Entries provided
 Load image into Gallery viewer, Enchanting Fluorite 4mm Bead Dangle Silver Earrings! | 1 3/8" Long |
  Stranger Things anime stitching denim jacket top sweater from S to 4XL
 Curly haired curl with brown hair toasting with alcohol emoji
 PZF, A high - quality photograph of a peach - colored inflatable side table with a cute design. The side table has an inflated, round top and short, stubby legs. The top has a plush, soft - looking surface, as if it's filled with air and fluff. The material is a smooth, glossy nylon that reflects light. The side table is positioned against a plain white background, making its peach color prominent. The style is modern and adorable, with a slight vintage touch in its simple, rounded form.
==
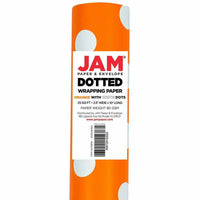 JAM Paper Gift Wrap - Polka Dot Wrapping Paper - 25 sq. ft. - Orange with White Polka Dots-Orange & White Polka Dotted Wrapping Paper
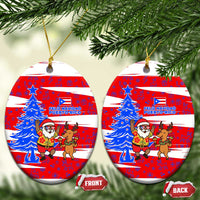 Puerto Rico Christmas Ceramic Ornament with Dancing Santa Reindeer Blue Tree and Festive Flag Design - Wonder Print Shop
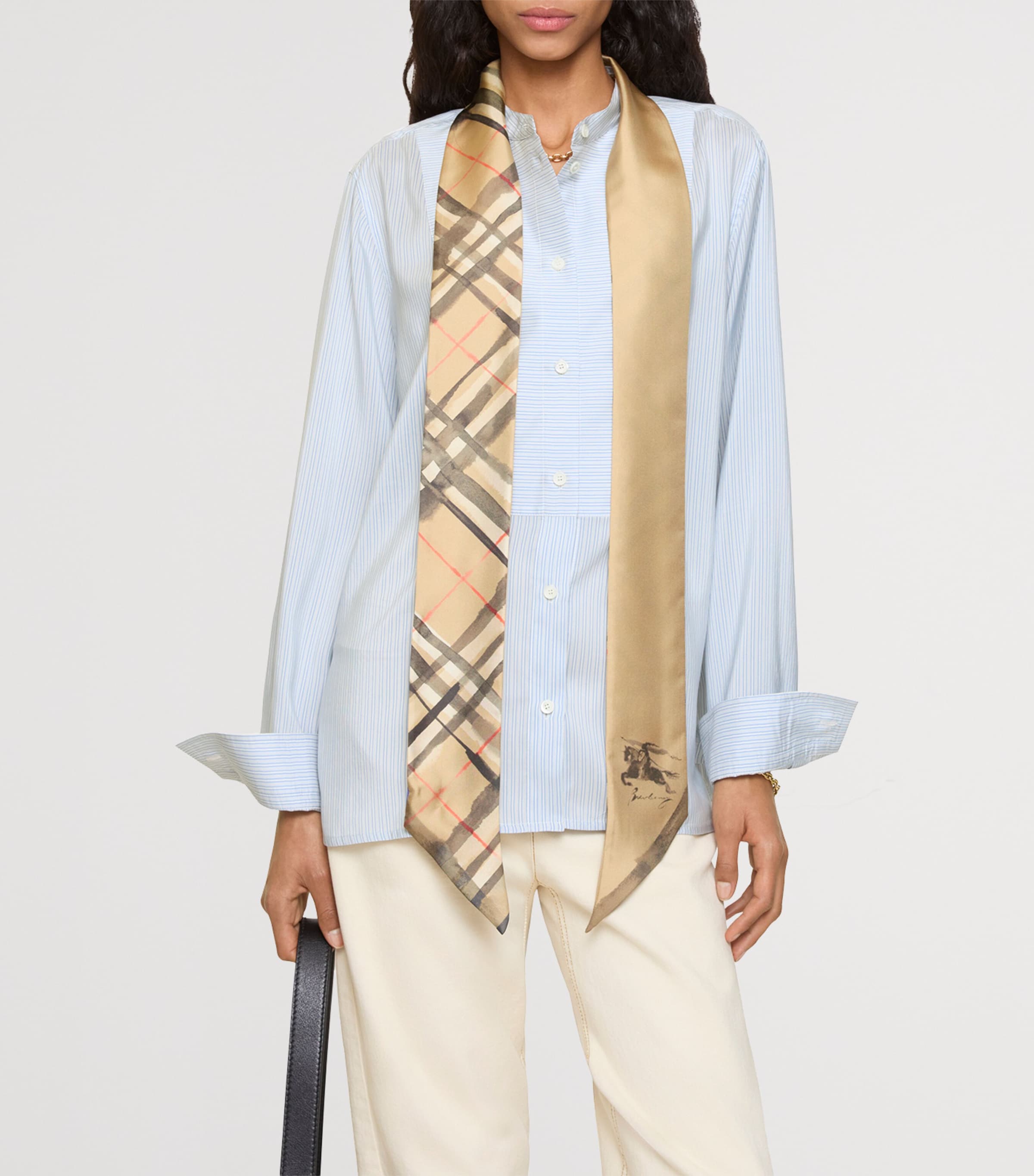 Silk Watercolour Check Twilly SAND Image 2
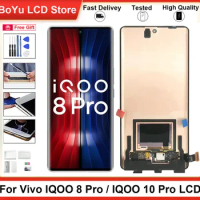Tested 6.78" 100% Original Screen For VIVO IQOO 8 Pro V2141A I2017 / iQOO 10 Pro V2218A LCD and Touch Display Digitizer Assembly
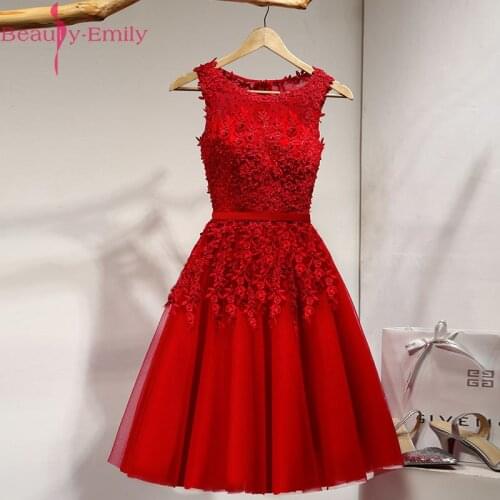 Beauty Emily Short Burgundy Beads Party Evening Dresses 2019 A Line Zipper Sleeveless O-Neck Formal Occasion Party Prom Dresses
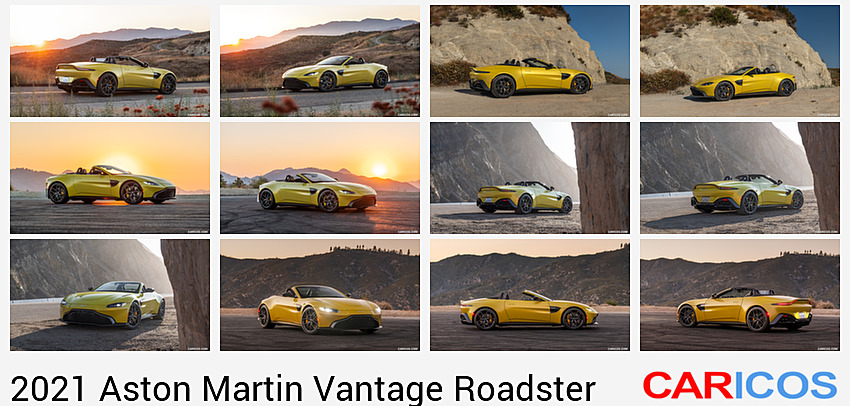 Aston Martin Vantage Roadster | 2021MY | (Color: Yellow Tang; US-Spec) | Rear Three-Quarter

Directions for this task
Text only, no pictures: please print exactly the lines above from the line with "Display Digitizer Assembly" up to and including the line with "Beauty Emily Short", and nothing else.

Result of the exercise
Tested 6.78" 100% Original Screen For VIVO IQOO 8 Pro V2141A I2017 / iQOO 10 Pro V2218A LCD and Touch Display Digitizer Assembly
 Beauty Emily Short Burgundy Beads Party Evening Dresses 2019 A Line Zipper Sleeveless O-Neck Formal Occasion Party Prom Dresses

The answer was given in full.